Updated May 21, 2010

Introduction

Kerberos has long been considered to reside at the top of the network authentication protocol tree as the most secure and, unfortunately, most complex authentication system. This comes not from the way in which Kerberos is designed, but rather from the complexity of the systems that have grown up around Kerberos that support identity management, especially when applied across organizational boundaries.

The introduction of smart cards as a means to address the inherent weaknesses in password-based identity management architectures has provided for stronger security in organizations adopting such tactics. However, it has also created additional challenges in implementing secure architectures relying on Kerberos for authentication. One of the negative effects of smart cards on organizations was the inability to leverage the functions of an Application Delivery Controller (ADC) in the infrastructure because the ADC was unable to obtain a ticket for services on behalf of the client.

Kerberos delegation, as specified by version 5 of the protocol, resolved this through two new extensions to the authentication protocol: Protocol transition and constrained delegation.
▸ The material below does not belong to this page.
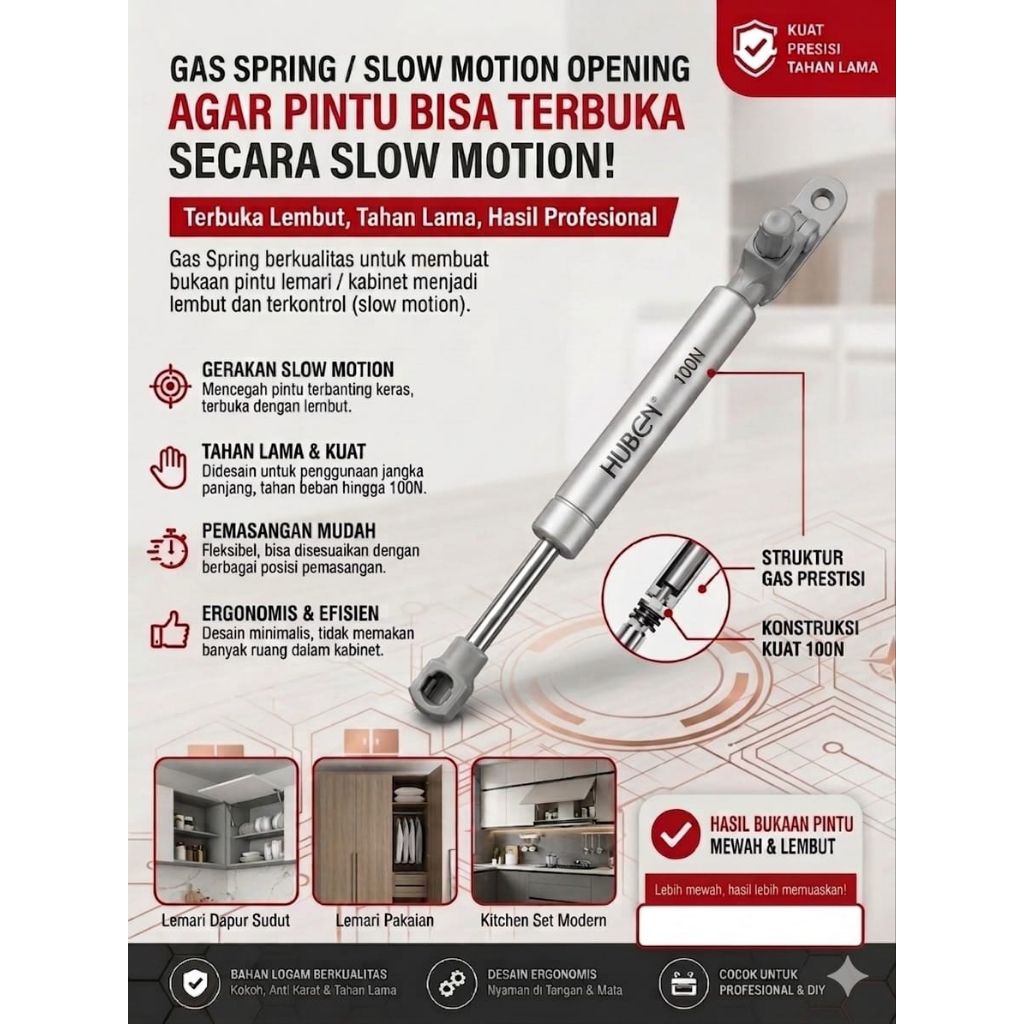 Gas spring slow motion Huben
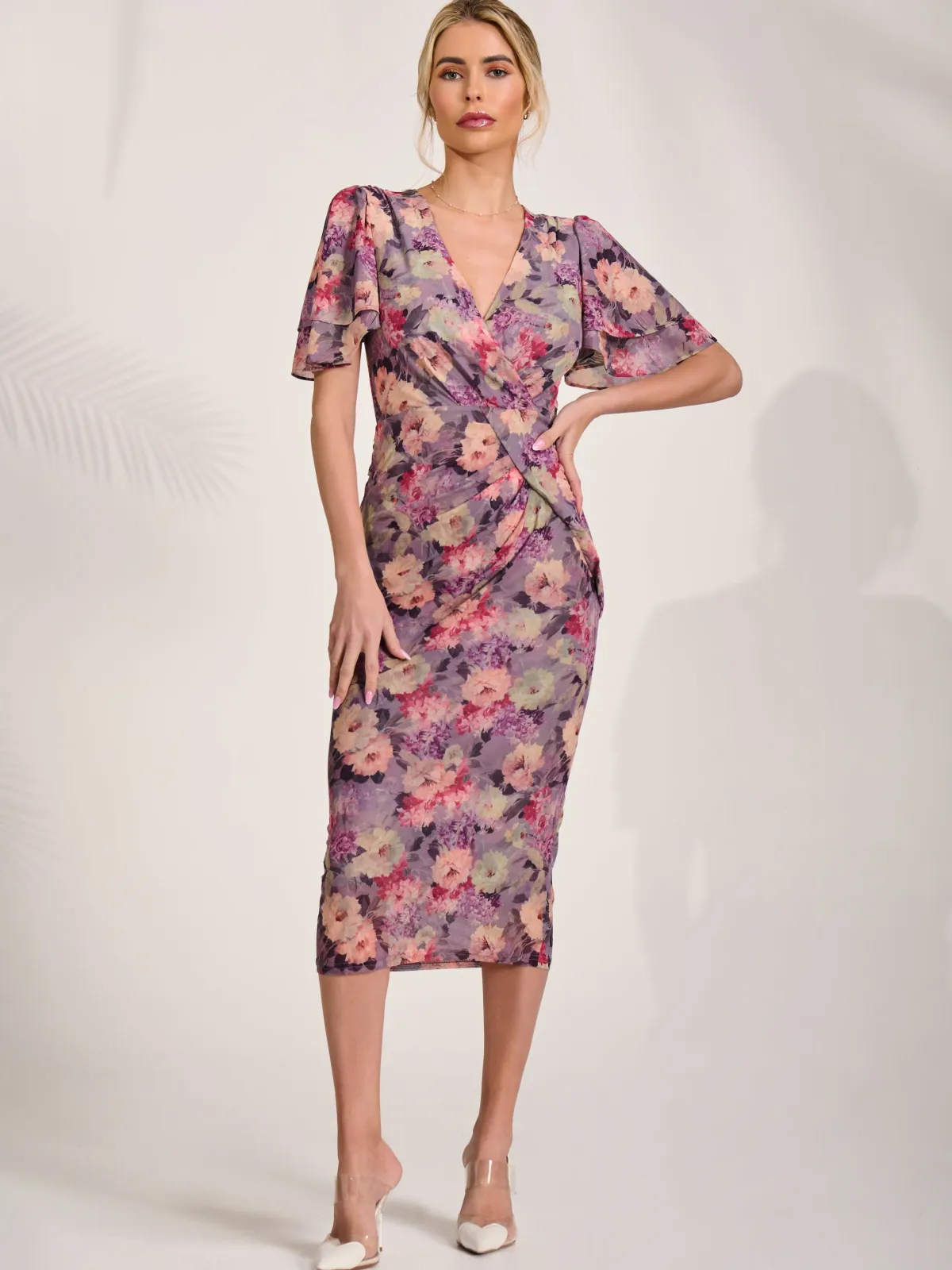 Jolie Moi Occasion Dresses|Floral Dresses-Print Mesh Angel Sleeve Bodycon Midi Dress, Purple Multi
Protocol transition allows a service using Kerberos for authentication to obtain a Kerberos service ticket to itself on behalf of a user or proxy without requiring the user or proxy to be part of the Kerberos environment. This is an important feature as it allows users to send a request to a service using credentials that are not acceptable for Kerberos authentication such as a smart card, which presents a client certificate as credentials. This method creates a user token for authenticated users, which is used by a service with the necessary impersonation privileges to ultimately obtain a service ticket for the desired services. The constrained delegation extension allows a service to obtain service tickets restricted to a list of specific services on the network once it has been presented with the appropriate service ticket, which may have been obtained through protocol transition. Constrained delegation is a security-limited version of native delegation as it allows administrators the ability to restrict delegates to a specific set of services.

This model also resolves the issue raised by the federation of domains across organizational boundaries, both external and internal. This capability is achieved through the implementation of Kerberos Protocol Transition (KPT). KPT works across a forest of domains as long as there exists a full transitive trust between all participating domains. The integration of domains across these boundaries is inherently complex and scales poorly, and in some cases is not permitted due to security reasons. Thus it had previously been the case that users whose identities are not authenticated to a domain controller through which tickets to the desired service can be issued cannot access those services. Previous solutions to this dilemma have been to deploy proxy authentication tiers, which are costly to manage due to the manual nature of mapping user identities to domain identities, and do not scale well in use.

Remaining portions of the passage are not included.